Allerdings gab der Konzern zu, dass sich künftig die "Maßnahmen zum Motor- bzw. Bauteilschutz deutlich reduzieren" - durch neueste Technologien, wie sie etwa bei der "neuen Dieselmotorenfamilie von Mercedes-Benz zum Einsatz kommen". Mit anderen Worten: In neuen Fahrzeugen der Marke wird die Abgasnachbehandlung nicht bei Temperaturen unter zehn Grad abgeschaltet.

Die Analyse des Wissenschaftlichen Dienstes belastet auch die Bundesregierung. Nach der Rechtsauffassung des Gremiums hat das dem Verkehrsministerium unterstellte Kraftfahrtbundesamt den Autokonzernen für manche Fahrzeuge illegal Typengenehmigungen ausgestellt und somit womöglich selbst gegen EU-Gesetze verstoßen.

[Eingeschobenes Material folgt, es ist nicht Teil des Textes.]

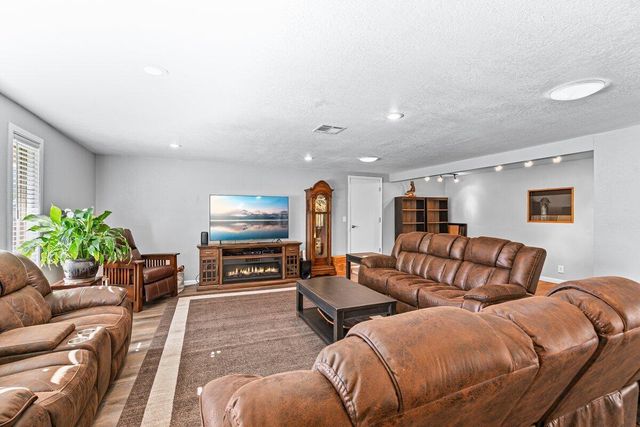 2860 W Griffin Creek Road, Medford, OR 97501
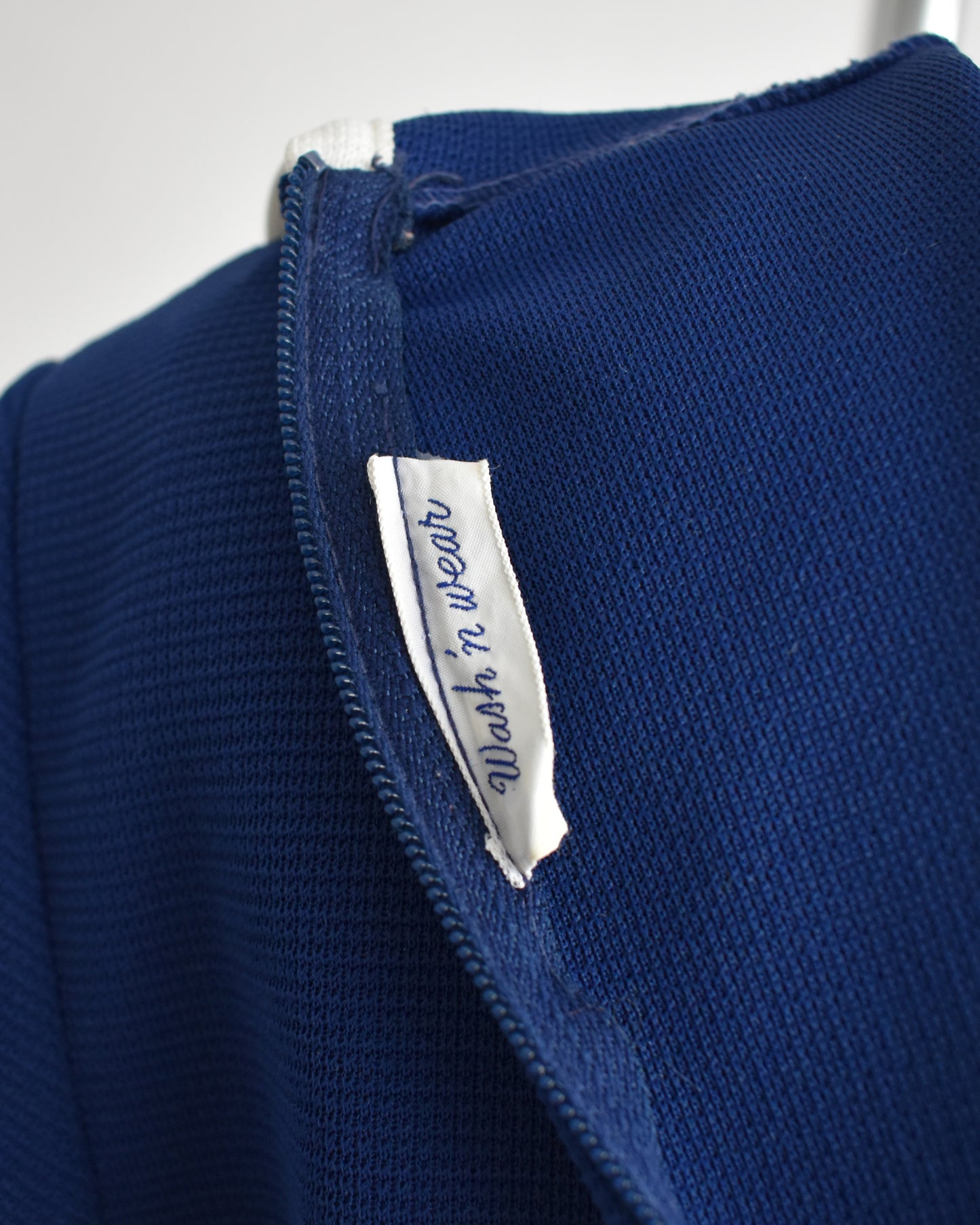 Close up of the tag that says Wash 'n Wear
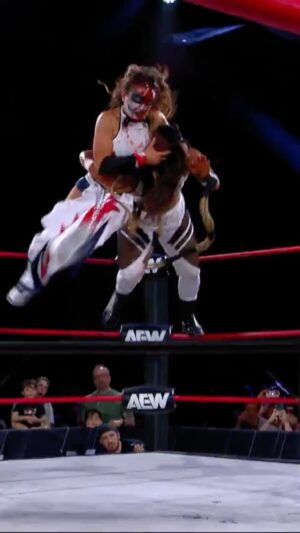 Melissa Cervantes Instagram - @thunderrosa22 faced @deonnapurrazzo in a Texas Bull Rope Match on #AEWCollision!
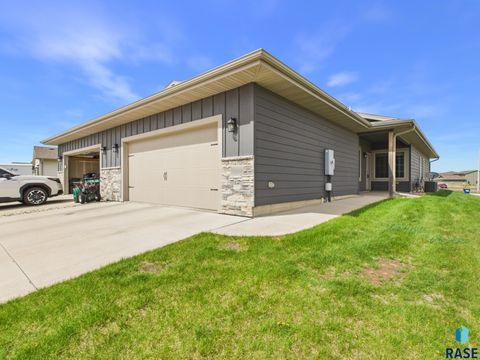 Photo of 9500 W Broek Dr, Sioux Falls, SD 57106 (MLS # 22602868)
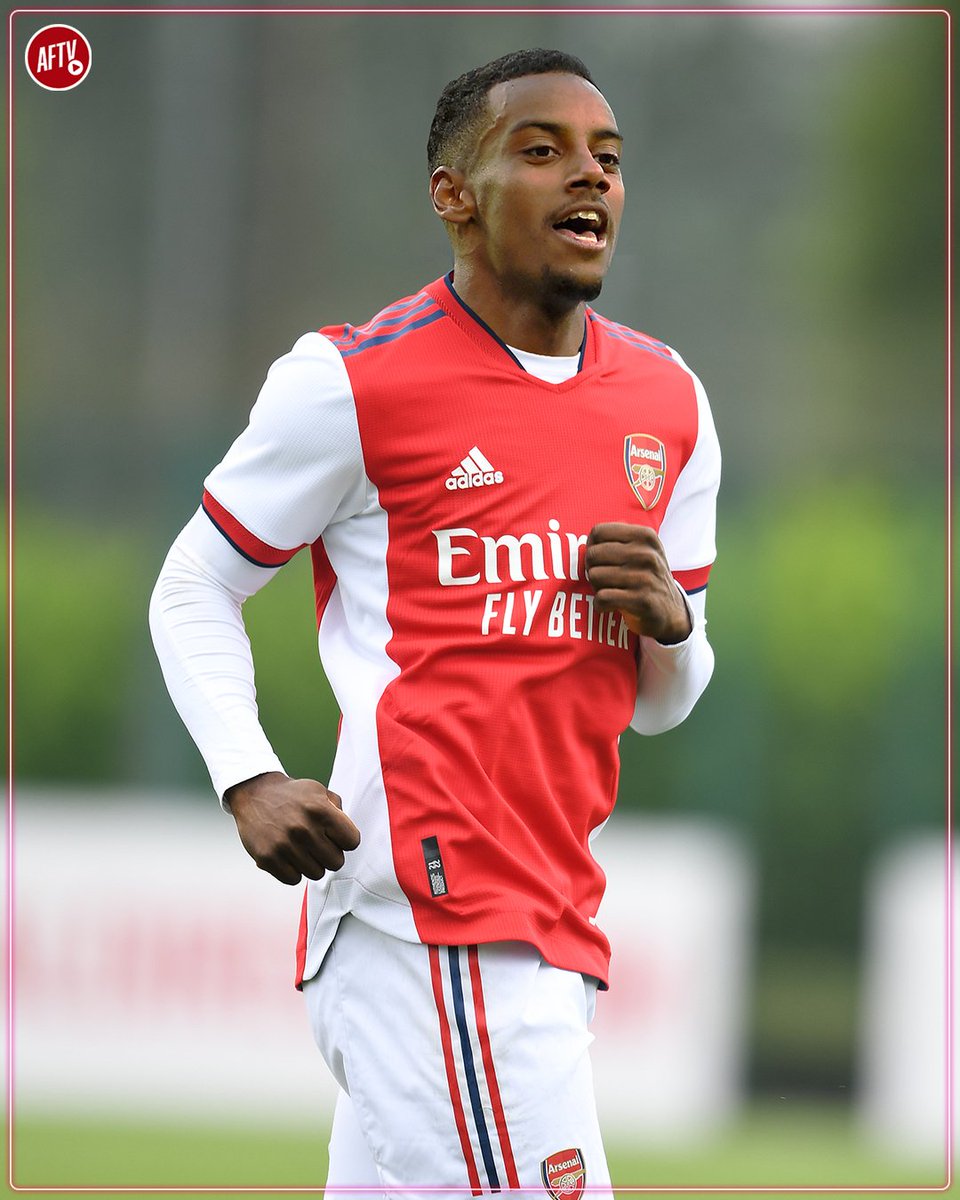 AFTVMedia's tweet photo. Vlahovic and Isak seem to be Arsenal's two main striker targets but who would you rather sign? ✍️💰

#Arsenal #Vlahovic #Isak https://t.co/liFntYQbDT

Obwohl Verkehrsminister Dobrindt sich zu Beginn der VW-Affäre öffentlich zu konsequenter Aufklärung verpflichtet hat, bleibt er die Umsetzung des Versprechens bisher schuldig, Nachmessungen bei verschiedenen Herstellern und deren Ergebnisse werden geheim gehalten. Auch das Bekanntwerden der Abschaltverfahren bei Daimler, BMW und Co. blieb bisher folgenlos. Zu dem Papier des Wissenschaftlichen Dienstes des Bundestages nahm Dobrindts Ministerium nicht Stellung.

Der Grünen-Fraktionsvize Oliver Krischer fordert die Regierung auf, für eine strikte Einhaltung der EU-Richtlinien in Deutschland zu sorgen. "Die Kumpanei zwischen Bundesregierung und Autobranche", sagt er, "muss endlich ein Ende haben".